A press release from Lehman Brothers earlier this month stated, “The Firm will be rescaling its operations in the U.S. and U.K. due to market conditions” and announced 850 job cuts. The investment banking firm is just one of many to adopt a conservative approach in hiring this year, according to Andrea Vidler ’07, a masters student in the Cornell Institute of Public Affairs and president of Delta Sigma Pi business fraternity.
“Goldman Sachs, for example, seems to want to decrease the pool of incoming employees instead of firing the people they have — they staff very leanly to make sure they don’t have to fire,” said Vidler, who has worked for Goldman Sachs the past two summers.
She said that at the beginning of this summer, the company mentioned it had full-time positions to match all of its interns, yet by the end of the summer, there were fewer offers.
Chang echoed Vidler’s sentiments with regard to recruiting for financial services at Cornell this fall. “Hiring is very poor this year.
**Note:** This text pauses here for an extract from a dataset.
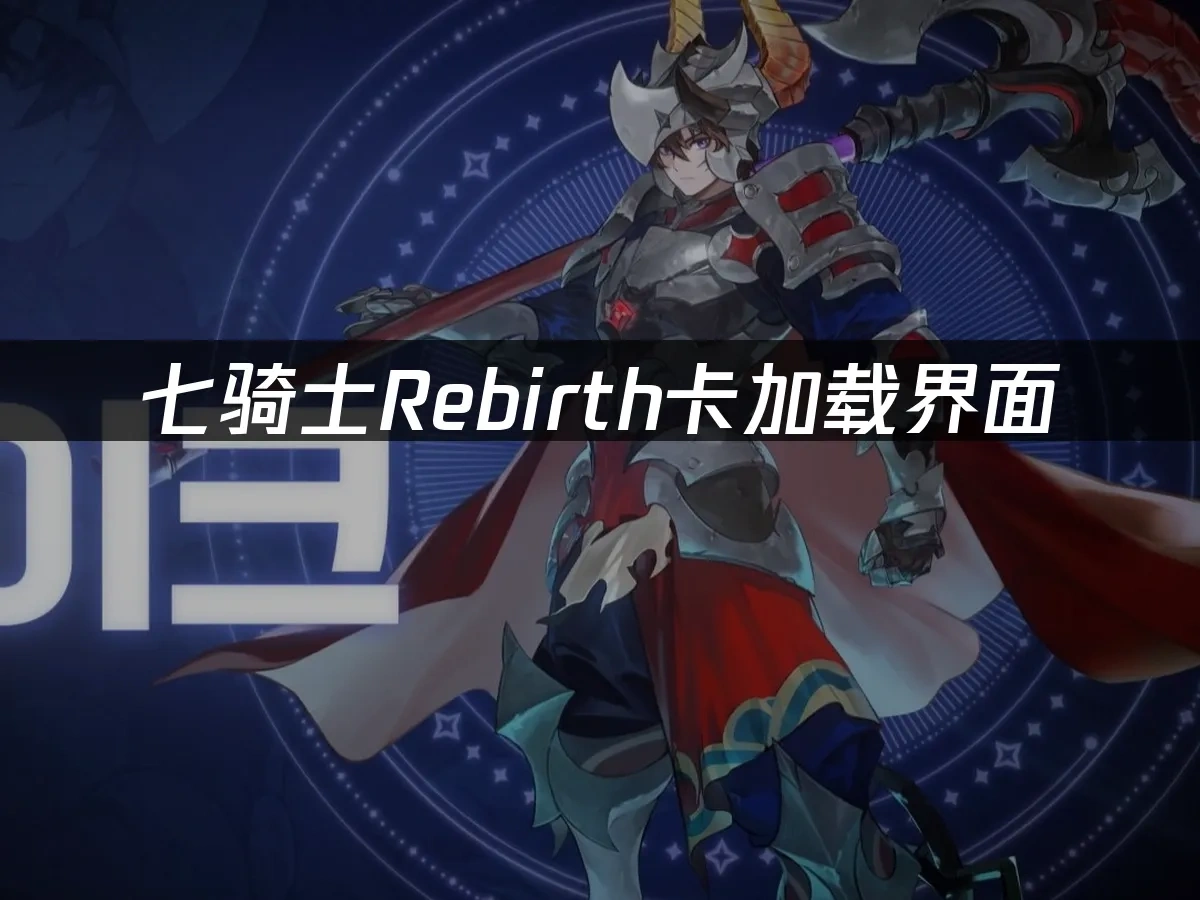 七骑士Rebirth 封面图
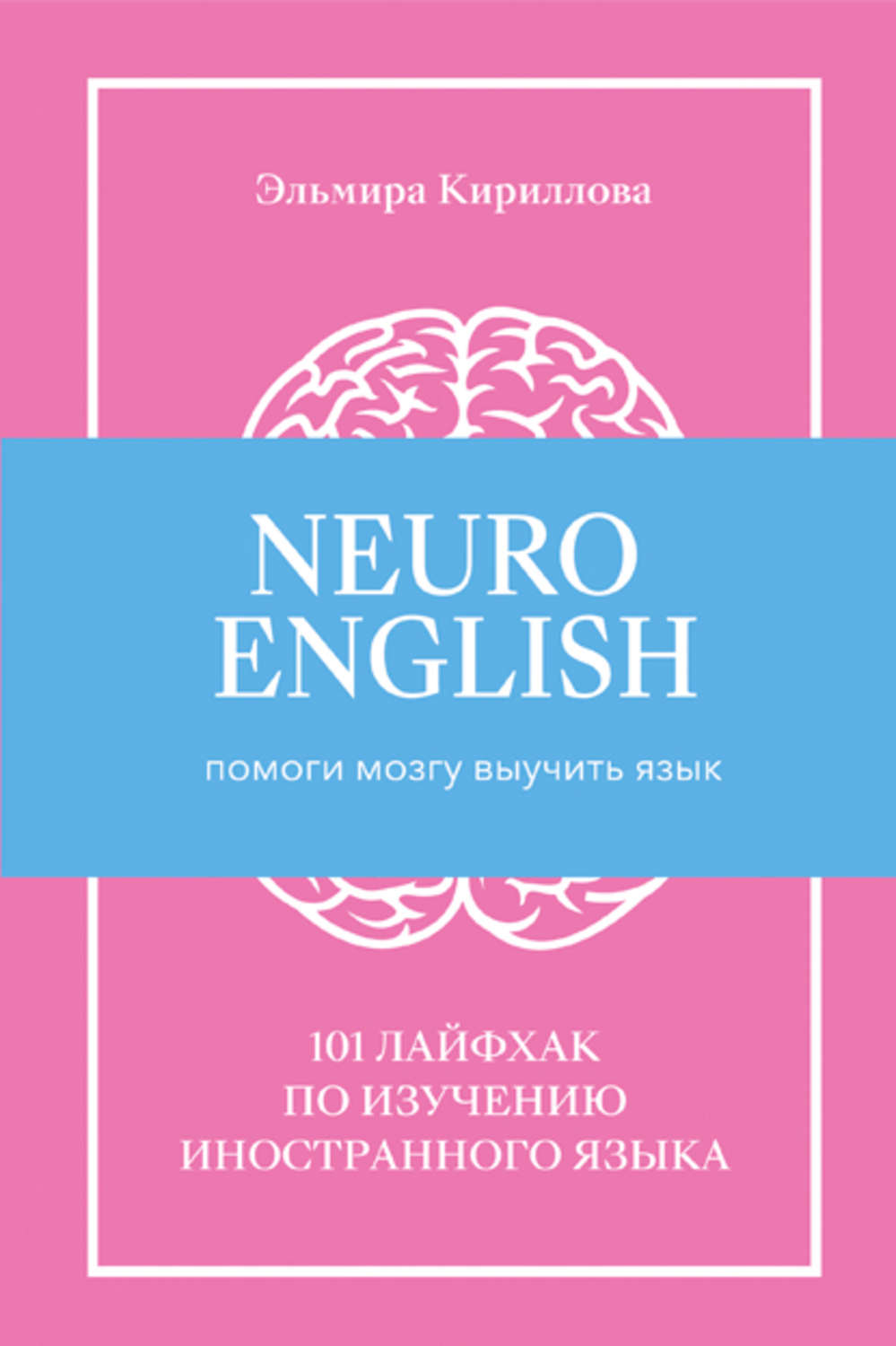 Обложка книги «NeuroEnglish: Помоги мозгу выучить язык»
There are less than half the offers going up than last year. The amount of callbacks is lower — last year maybe 8 out of 10 interns at a company would get hired. This year it will be more like 4 out of 10,” Chang said.
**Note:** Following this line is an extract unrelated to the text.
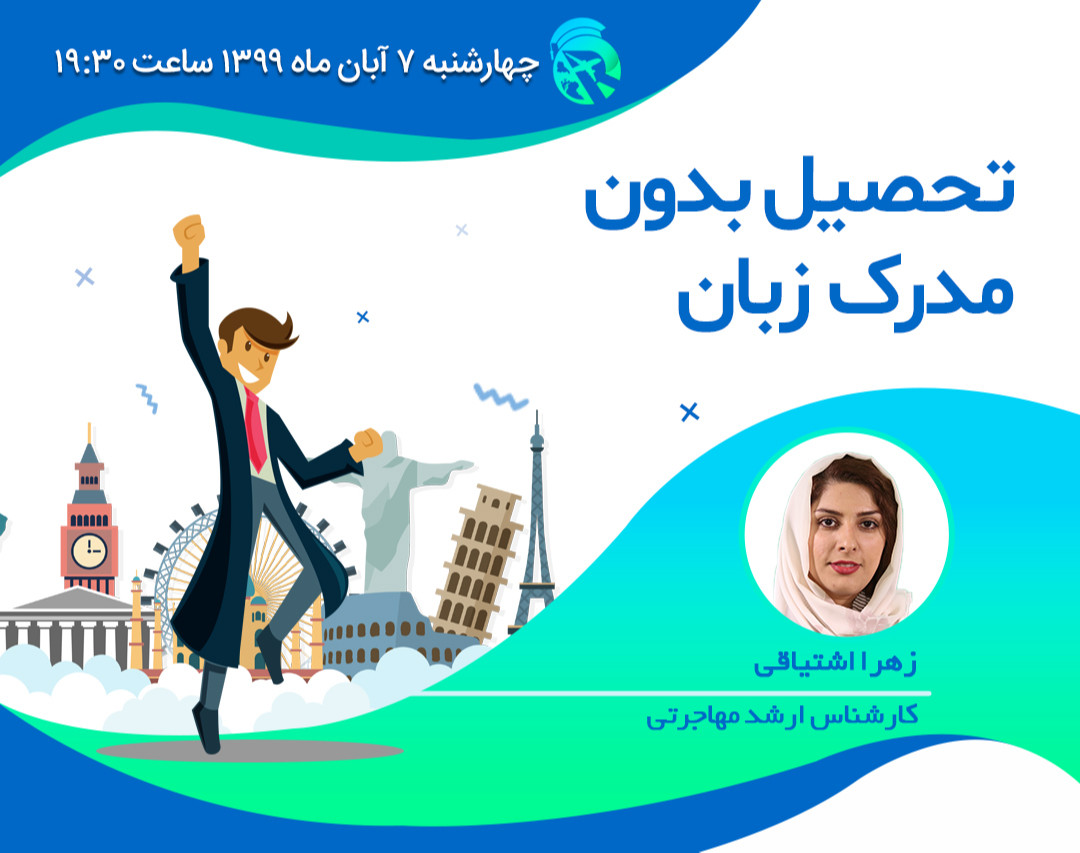 وبینار تحصیل بدون مدرک زبان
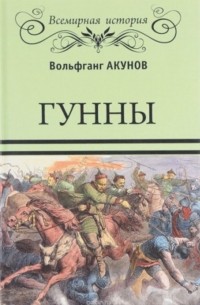 Вольфганг Акунов - Гунны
Rebecca Sparrow, director of Cornell Career Services, remained skeptical about what the big banks will do.
“It’s really hard to know at this point what the effects of the market will be on hiring. We are seeing some of the on-campus recruiting reserve dates being reduced. For example, a company that called last spring to reserve seven rooms now only wants five,” Sparrow said.
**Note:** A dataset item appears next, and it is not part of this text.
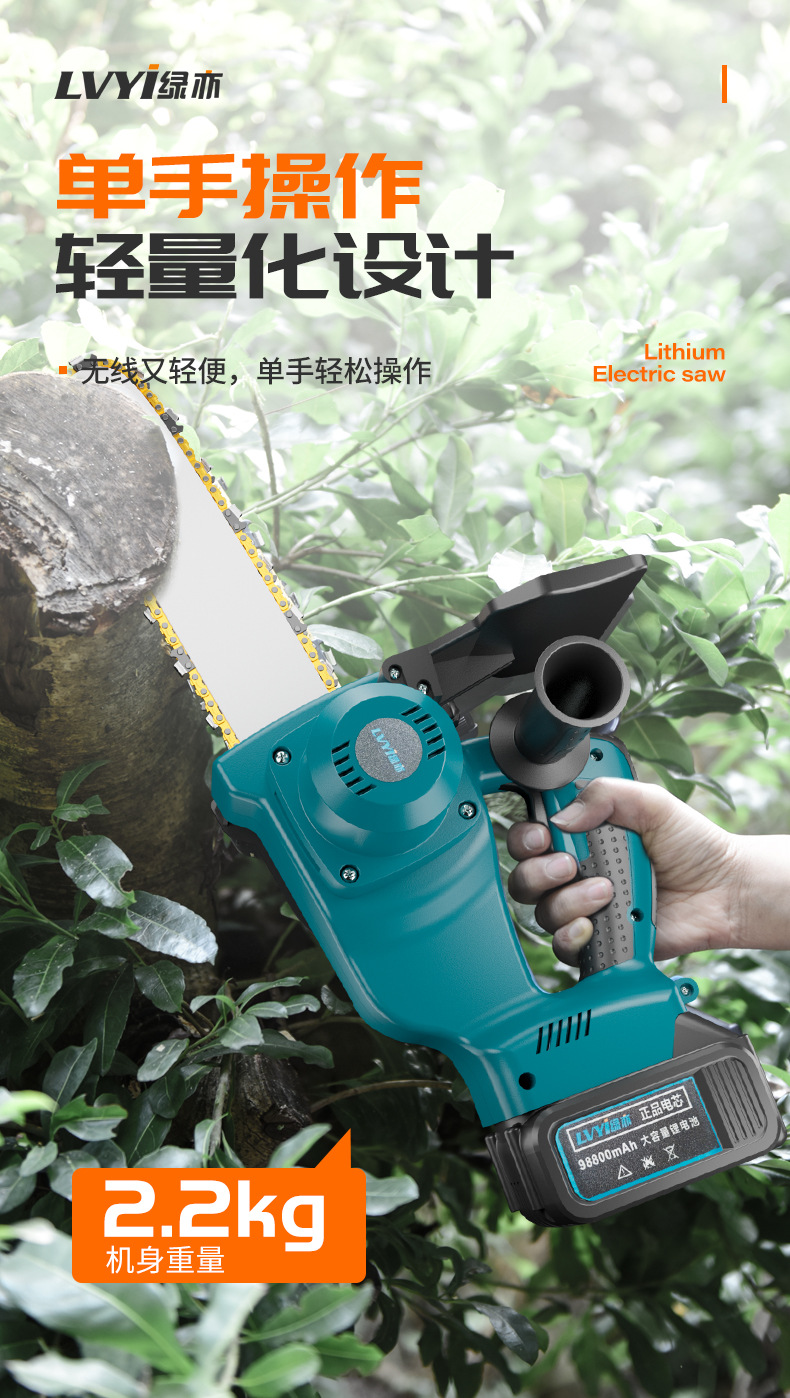 02鋰電鋸_01.jpg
She guessed that the decrease might be due to students accepting full-time offers due to internships, which could lead to weakened recruiting efforts by financial services firms.
“There’s always room at a bank for talent, and Wall Street firms can’t afford to miss out on students with enormous long-term potential. I don’t think banks know for sure at this point how hiring will be effected,” said Prof. Mark Zurack, Finance, who worked for 18 years at Goldman Sachs and founded the firm’s Equity Derivatives and Research group.
Students who hit the streets of Manhattan this summer and worked in financial services or investment banking internships seem to have cause for concern, however.
“If you didn’t have a job this summer, it’s really hard to find one — I don’t want to be you right now,” said Kur Robin, Econ, ’08. “They’re not just hiring full time … it wasn’t this way in the spring. They were hiring people and it was great — in the summer the market shut down and they stopped hiring,” Robin said. He received an offer from Deutsche Bank, where he interned at last summer.
“The last day this summer at work [the interns] were all hoping the market would go up so they’d be in a good mood when they were giving out offers. It had done badly the day before; there were a lot of people getting fired that Friday,” Robin said.
Chang blames the job cuts and decrease in hiring for the financial services and investment banking on the poor market this summer, as well as the tendency of firms in the industry to overpay.
“It’s just not sustainable. When you pay a 21-year-old kid, the cheapest employee you have, 100 to 120 grand right out of college, it doesn’t take long before you run out of money,” Chang said. He noted the increased popularity of finance at Cornell over the past few years, and said the University has shifted its curriculum to accommodate students’ interests.
“Where firms are going to cut jobs is from places like Cornell, that have only recently developed recruiting bonds. We’re in that second pecking group behind Wharton, Stanford and Harvard. We’re a million times better than places like Penn State, though,” Chang said.